Back in 2016, Eric Heisserer made a New Year’s resolution. Knowing he’d be doing a lot of reading for work in the coming months, he decided he needed to commit to some “replenishing pleasure reading.” A friend recommended Leigh Bardugo’s “Six of Crows,” with the pitch that the YA fantasy duology was “ ‘Ocean’s 11’ in a ‘Game of Thrones’ world.” 

Heisserer, who was Oscar-nominated for adapting the 2016 Amy Adams sci-fi drama “Arrival,” “devoured” the novels, by his account, and then took to social media to follow through on the other resolution he’d made for that year. “People went on there to tell creators and artists things that they didn’t like. I was going to try and give back, and anything that I consumed—be it a song or a novel or a comic book or a movie or a TV show,” he remembers, “I would track down the creators and let them know how much I loved it.” 

He tweeted his appreciation at Bardugo, she offered her thanks, “and then we went on our merry way,” Heisserer says. And then a year later, he got a call from Netflix

The result is “Shadow and Bone,” a sprawling new series now streaming that combines “Six of Crows” with Bardugo’s other series, the “Grisha” trilogy, the first installment of which is title “Shadow and Bone.” Heisserer serves as the project’s showrunner as well as a writer and executive producer. 

That the book he picked up for nonprofessional reasons became the basis for arguably his biggest onscreen outing to date is an irony that isn’t lost on him. “I’ve certainly been a bridesmaid in TV for a long while. I’ve written 10 pilots that got close to pickup but never crossed the finished line. And that’s just part of the industry, like Charlie Brown trying to kick the football,” he says.

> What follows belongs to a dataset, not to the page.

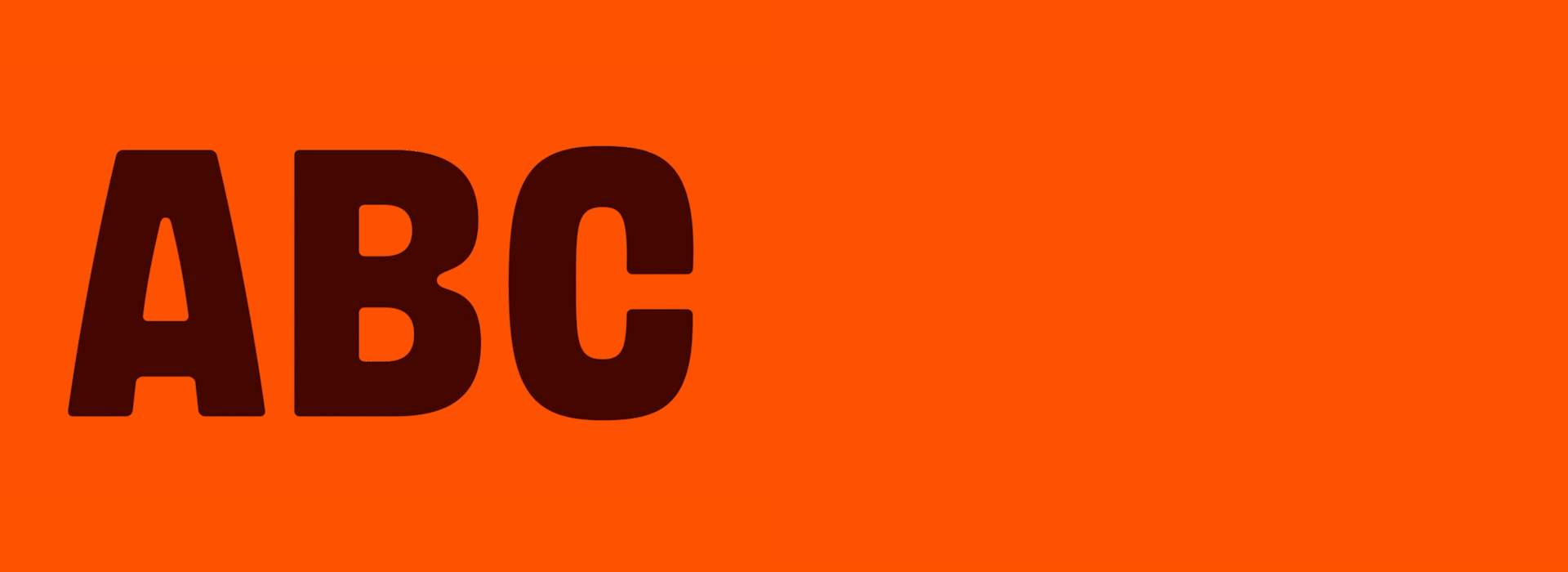 REESES_REBRANDS_SIZZLE_01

Heisserer was enticed by TV’s longer-form storytelling, allowing both creators and the audience to “spend time with these characters, grow things slowly,” he explains, “versus features, where you need to find a succinct story and really have a beginning, middle, and end that you can get to in two hours.” 

But on a more personal level, he also wanted more time to develop lasting professional bonds. On a film, he says, “Everybody knows there’s a terminus, and they’ll be thinking about the [project they’re doing] after it. And from a screenwriting perspective, you’re one of the more disposable elements in that. I had such an amazing time working with [‘Arrival’ director] Denis Villeneuve and Amy Adams and people like that—it made me hungry to develop relationships that didn’t end after x number of weeks. And that’s what TV offers you.”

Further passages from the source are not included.